Otra mirada a la CEP: el ciudadano corrupto

Joaquín García Huidobro | Sección: Política, Sociedad

La encuesta CEP es muy interesante, pero está incompleta. En ella se evalúa el parecer ciudadano sobre los carabineros, el Congreso, las iglesias, la prensa, etc., pero ¿por qué no se nos evalúa a nosotros, los ciudadanos?

Alguien podría decir que no resulta fácil medir la confiabilidad de 17 millones de chilenos, pero aquí no se trata sólo de un problema metodológico. Esta omisión tiene que ver con el modo en que los chilenos hemos comenzado a concebir la democracia y el modo como ejercemos la ciudadanía.

El ciudadano ha pasado a ser un consumidor de servicios de gobierno, de seguridad, judiciales, religiosos, educacionales, etc. Él acude a las urnas cada par de años, manda a sus hijos a la escuela, y escucha el sermón dominical, pero lo hace como un espectador o, peor, como un cliente, que cree que con su voto o su presencia ya ha prestado un gran servicio, y a cambio le corresponde exigir todo.

Como en el mercado “el cliente siempre tiene la razón”, a nadie se le ocurre evaluarlo. A lo más, se examinan sus hábitos de consumo: si ve programas políticos en TV (42%) o si conversa de esos temas en familia (50%). ¡Para la mitad de los chilenos, el destino de la República no parece ser un tema de conversación con los hijos!

Nada hay más importante en una democracia que la calidad de los ciudadanos. Si el gobierno o un diputado son malos, podemos cambiarlos en la próxima elección, pero ¿qué pasa cuando son los ciudadanos los que no están a la altura?

El problema no es sólo nuestro: la crisis económica europea, o el crónico déficit fiscal de los EE.UU., se relacionan con la incapacidad de los gobiernos de tomar medidas dolorosas, porque los ciudadanos no las aceptarían. Franceses y griegos reclaman contra Merkel porque trata de mantener la casa europea en orden. Y Merkel –¡oh, paradoja!– llegó al gobierno porque los alemanes estaban descontentos con las medidas de austeridad que tomó el socialdemócrata Schröder. Ahora perderá, es casi seguro, las próximas elecciones, porque no ha podido saciar las esperanzas de los electores.
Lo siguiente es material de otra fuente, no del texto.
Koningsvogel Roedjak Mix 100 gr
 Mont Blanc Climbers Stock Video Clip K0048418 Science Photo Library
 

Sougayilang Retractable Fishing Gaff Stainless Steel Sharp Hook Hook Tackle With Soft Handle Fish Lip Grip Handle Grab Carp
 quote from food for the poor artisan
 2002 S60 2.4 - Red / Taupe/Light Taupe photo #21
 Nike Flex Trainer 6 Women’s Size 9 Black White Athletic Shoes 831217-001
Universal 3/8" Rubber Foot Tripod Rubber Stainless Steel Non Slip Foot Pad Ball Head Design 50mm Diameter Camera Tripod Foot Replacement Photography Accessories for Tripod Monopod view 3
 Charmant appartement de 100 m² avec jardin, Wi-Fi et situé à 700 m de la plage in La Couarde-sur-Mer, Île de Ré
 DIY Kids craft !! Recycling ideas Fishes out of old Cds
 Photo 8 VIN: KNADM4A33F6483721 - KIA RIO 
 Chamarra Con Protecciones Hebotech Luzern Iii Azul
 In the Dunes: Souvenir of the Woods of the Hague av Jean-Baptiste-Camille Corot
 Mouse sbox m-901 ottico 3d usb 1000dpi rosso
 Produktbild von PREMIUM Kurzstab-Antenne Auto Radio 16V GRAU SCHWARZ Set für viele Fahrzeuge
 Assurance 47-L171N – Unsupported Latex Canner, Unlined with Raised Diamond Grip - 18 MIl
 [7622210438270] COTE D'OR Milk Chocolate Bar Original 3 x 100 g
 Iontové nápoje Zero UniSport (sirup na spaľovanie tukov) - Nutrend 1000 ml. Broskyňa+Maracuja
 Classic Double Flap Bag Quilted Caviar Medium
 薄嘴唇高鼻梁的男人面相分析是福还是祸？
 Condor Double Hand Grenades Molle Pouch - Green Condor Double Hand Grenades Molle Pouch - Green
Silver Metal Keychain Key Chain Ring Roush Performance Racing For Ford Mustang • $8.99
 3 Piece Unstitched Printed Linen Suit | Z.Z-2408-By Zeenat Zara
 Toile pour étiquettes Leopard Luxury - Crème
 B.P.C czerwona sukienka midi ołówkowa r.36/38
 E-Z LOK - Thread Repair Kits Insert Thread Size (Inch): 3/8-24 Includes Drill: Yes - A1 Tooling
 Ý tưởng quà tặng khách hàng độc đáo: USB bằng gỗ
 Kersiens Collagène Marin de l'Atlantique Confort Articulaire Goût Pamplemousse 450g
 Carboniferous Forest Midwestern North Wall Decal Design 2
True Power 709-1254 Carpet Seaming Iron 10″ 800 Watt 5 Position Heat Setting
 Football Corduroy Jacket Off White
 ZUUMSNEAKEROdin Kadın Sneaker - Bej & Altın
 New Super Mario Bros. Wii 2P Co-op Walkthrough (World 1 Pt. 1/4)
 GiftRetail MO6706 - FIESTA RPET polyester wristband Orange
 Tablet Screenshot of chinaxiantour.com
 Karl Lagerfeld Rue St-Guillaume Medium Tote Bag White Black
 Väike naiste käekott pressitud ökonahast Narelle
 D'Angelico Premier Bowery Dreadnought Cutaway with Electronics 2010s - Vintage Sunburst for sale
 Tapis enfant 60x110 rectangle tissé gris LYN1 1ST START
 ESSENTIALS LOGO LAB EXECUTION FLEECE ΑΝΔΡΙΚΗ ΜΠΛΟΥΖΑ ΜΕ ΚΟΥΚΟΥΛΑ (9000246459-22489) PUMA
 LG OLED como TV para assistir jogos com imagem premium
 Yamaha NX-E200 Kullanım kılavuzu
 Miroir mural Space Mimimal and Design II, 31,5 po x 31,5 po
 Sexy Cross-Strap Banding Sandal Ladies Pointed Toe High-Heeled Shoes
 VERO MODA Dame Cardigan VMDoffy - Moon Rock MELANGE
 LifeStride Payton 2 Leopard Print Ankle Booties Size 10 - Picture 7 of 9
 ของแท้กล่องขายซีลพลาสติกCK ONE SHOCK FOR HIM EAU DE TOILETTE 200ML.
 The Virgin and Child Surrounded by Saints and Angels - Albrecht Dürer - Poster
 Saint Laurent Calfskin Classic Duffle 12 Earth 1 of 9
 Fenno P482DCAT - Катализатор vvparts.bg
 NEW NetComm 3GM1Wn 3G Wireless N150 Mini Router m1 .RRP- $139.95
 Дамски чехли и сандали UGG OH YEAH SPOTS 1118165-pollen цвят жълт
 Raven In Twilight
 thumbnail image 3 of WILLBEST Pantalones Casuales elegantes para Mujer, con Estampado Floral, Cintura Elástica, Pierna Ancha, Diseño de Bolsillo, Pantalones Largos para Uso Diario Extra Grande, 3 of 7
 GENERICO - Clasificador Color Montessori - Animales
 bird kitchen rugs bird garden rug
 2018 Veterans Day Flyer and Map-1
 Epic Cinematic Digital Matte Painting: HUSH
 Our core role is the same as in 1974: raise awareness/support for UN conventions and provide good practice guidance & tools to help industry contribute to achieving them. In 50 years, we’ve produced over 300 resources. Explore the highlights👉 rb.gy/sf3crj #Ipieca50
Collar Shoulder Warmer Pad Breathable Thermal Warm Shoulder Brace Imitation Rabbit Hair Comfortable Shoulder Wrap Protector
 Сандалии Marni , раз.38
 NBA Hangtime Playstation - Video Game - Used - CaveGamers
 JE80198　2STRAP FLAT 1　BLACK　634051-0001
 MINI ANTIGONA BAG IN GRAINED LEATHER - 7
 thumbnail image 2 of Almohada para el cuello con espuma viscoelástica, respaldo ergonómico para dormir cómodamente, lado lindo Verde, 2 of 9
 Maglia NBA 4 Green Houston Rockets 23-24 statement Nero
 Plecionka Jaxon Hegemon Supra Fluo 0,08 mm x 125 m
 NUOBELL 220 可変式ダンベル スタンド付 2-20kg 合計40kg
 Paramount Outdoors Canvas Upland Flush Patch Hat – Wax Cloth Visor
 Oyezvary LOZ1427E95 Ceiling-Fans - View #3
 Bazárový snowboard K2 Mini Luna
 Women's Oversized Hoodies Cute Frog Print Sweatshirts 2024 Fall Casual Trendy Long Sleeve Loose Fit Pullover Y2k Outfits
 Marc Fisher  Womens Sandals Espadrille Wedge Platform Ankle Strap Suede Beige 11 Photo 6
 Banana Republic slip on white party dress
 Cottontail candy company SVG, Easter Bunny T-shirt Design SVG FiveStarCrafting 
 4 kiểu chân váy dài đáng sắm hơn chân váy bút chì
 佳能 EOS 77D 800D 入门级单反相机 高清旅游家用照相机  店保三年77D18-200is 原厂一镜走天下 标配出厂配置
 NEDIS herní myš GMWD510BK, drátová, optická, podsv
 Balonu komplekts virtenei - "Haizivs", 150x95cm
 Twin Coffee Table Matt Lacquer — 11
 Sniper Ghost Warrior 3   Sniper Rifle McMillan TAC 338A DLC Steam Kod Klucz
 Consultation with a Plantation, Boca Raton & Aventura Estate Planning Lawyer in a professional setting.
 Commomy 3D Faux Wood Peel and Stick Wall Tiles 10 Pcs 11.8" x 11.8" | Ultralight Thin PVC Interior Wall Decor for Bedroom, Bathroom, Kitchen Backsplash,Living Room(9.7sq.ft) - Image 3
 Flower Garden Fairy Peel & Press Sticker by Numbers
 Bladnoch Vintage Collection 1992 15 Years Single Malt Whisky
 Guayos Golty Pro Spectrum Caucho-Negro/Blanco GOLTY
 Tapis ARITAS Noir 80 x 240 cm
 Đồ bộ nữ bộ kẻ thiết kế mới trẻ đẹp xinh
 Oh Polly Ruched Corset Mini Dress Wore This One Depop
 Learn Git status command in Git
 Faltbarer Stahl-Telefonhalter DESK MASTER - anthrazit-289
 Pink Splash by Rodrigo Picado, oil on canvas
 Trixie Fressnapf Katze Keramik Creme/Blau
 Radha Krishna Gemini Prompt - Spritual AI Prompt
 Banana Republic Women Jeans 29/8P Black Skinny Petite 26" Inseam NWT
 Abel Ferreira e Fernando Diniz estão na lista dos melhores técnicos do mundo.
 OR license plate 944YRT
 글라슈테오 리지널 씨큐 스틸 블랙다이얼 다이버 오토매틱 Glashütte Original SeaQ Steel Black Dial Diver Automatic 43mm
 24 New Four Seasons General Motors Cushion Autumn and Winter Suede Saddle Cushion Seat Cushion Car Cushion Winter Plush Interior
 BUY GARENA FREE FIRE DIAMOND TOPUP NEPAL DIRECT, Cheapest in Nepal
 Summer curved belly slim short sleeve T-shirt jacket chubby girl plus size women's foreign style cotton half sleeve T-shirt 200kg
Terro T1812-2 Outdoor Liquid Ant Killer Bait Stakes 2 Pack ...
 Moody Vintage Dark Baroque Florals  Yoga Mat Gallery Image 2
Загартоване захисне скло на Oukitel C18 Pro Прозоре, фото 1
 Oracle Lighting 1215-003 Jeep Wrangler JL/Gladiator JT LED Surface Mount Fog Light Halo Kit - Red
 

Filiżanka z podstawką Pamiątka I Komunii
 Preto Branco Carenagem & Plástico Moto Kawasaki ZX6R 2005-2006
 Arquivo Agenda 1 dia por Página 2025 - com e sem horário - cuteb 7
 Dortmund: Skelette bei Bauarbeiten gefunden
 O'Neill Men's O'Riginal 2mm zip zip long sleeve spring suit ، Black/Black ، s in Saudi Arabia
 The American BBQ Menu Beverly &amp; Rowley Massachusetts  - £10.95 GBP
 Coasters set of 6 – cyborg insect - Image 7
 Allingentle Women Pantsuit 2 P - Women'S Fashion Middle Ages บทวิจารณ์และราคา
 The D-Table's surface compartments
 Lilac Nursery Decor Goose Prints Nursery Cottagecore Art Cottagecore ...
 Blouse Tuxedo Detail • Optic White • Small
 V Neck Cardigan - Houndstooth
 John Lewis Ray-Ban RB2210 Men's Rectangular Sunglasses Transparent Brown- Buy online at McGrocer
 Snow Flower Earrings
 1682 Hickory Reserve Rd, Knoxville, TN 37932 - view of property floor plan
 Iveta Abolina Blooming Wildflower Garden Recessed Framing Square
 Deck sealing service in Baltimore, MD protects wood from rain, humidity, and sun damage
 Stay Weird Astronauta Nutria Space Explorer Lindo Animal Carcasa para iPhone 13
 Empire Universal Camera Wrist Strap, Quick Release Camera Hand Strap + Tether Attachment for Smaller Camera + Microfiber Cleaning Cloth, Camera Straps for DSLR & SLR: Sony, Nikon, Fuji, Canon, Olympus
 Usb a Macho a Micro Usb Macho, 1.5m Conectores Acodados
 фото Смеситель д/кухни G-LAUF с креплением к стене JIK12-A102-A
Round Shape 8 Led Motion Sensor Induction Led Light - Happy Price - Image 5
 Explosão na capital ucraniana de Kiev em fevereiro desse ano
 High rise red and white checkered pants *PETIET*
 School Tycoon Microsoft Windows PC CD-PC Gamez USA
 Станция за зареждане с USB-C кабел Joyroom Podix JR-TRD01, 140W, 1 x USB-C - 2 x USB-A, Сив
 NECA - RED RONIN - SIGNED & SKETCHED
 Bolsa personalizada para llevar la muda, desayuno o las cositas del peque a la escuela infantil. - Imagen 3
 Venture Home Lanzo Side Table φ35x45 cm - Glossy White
¿Es el problema la corrupción de los políticos o, más bien, la irresponsabilidad o, incluso, la corrupción de los ciudadanos, que, como niños caprichosos, sólo estamos dispuestos a tomar lo que resulte dulce a nuestros paladares?

Entre nosotros, el ministro Felipe Larraín tiene un significativo porcentaje de desaprobación, 33%, frente a un 21% de evaluación positiva. ¿Es incompetente? A nadie se le ocurriría decir algo semejante. ¿Un irresponsable? Tampoco. Simplemente sucede que es el mensajero de las malas noticias. Nos recuerda que hay una crisis económica en todas partes, salvo en Chile, y que debemos manejar nuestras finanzas con cuidado. Parece que los ciudadanos sólo queremos oír cosas agradables. Preferimos los ministros simpáticos.

Veamos otro ejemplo de ciudadanía poco coherente: Michelle Bachelet tiene un 76% de evaluación positiva; Ricardo Lagos apenas un 37%. Se trata de una evaluación de figuras políticas, no de saber a quién convidaríamos a un happy hour. ¿Hay alguien que, de verdad, piense que la primera fue mejor gobernante que el segundo? Confundimos lo bueno con lo agradable; queremos presidentes simpáticos. Mala señal.

A veces las cosas van más allá de una simple irresponsabilidad, y entran de lleno en la corrupción. Aunque no estamos acostumbrados a pensar en la figura del ciudadano corrupto, es muy real. Es corrupto el ciudadano que piensa que está por encima de la ley, incluidas las leyes sociales; el que vota no al mejor candidato, sino al que milita bajo su misma tienda; el que se queja de la inmoralidad de la televisión, pero mantiene el rating de los programas que destruyen aquello que él más valora; el que considera intocable el principio de autoridad, pero desacredita al profesor que tuvo la osadía de poner mala nota o castigar a su hijo.

No todas estas conductas son igualmente graves, pero todas tienen algo de corrupción, un mal que no está allá lejos, en el Estado, sino entre nosotros.

El hecho de que buena parte del problema seamos nosotros mismos representa una ventaja, porque la solución empieza por casa. Se nos aplica lo que San Agustín decía a esos contemporáneos suyos que se quejaban de lo mal que estaban los tiempos: “vivamos bien, y serán buenos tiempos. Los tiempos somos nosotros; como somos nosotros, así serán los tiempos”. Es un mensaje tan optimista como exigente.

 

 

Nota: Este artículo fue publicado originalmente por El Mercurio de Santiago.